### Prompt
Using the data below, gather each line that includes the word "venda".

### Supplied entries
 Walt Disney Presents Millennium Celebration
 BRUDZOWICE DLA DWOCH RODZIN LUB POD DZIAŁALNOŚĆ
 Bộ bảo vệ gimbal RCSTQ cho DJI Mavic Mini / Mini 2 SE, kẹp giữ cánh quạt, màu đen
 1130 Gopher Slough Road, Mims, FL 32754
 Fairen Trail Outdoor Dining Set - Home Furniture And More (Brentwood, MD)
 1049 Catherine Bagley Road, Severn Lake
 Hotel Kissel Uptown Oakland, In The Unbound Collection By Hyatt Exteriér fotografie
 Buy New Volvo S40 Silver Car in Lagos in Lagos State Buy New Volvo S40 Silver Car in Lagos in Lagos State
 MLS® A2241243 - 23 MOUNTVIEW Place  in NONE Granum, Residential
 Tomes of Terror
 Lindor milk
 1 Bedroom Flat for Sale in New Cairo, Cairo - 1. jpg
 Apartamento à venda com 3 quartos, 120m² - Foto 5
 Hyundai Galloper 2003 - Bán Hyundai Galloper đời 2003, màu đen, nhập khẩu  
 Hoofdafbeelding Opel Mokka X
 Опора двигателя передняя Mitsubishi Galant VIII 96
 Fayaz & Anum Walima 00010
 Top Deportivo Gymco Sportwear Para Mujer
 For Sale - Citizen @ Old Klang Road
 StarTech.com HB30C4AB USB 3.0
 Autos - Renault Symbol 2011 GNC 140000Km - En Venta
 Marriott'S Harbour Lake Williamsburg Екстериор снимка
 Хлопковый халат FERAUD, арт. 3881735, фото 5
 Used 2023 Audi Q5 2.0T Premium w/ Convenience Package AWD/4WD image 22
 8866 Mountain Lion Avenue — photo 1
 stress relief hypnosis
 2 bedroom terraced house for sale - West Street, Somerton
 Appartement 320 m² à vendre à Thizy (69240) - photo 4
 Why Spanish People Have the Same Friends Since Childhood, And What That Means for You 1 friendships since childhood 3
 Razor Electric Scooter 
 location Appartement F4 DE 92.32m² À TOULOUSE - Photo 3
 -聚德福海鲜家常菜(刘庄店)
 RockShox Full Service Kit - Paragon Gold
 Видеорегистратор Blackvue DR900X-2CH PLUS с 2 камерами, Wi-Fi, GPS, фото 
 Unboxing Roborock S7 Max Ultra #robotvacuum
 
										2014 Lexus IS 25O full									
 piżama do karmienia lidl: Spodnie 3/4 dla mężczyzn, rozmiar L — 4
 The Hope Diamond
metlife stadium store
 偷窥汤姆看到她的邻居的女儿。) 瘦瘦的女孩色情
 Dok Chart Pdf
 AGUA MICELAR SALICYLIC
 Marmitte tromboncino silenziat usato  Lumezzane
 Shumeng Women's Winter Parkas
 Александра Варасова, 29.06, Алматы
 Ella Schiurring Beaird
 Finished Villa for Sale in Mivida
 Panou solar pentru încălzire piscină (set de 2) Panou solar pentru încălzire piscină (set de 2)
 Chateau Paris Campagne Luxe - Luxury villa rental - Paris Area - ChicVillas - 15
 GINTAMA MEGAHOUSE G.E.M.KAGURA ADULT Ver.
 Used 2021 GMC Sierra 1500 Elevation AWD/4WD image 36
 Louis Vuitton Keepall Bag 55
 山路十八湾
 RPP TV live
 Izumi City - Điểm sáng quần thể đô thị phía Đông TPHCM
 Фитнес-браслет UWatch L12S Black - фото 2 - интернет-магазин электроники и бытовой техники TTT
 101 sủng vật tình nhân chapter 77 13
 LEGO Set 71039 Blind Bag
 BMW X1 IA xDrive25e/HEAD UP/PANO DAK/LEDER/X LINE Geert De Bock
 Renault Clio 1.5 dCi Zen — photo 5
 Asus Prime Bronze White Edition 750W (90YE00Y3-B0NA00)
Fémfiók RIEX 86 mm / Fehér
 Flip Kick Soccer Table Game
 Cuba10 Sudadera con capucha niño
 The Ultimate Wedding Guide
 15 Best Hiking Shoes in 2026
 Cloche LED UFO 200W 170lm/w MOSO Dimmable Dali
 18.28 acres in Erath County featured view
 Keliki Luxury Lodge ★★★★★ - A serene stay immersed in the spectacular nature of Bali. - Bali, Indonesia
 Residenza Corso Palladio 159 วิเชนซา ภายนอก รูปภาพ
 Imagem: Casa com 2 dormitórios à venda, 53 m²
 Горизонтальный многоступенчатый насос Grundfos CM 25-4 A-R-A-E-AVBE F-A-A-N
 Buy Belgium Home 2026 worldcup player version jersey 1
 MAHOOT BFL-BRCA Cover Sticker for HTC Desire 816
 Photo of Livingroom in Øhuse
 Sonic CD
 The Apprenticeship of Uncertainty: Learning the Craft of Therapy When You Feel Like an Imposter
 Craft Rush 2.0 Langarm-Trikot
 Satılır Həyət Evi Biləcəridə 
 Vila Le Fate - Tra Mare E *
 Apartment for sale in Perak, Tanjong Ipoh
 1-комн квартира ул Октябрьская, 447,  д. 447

### Answer space
 Apartamento à venda com 3 quartos, 120m² - Foto 5
 Imagem: Casa com 2 dormitórios à venda, 53 m²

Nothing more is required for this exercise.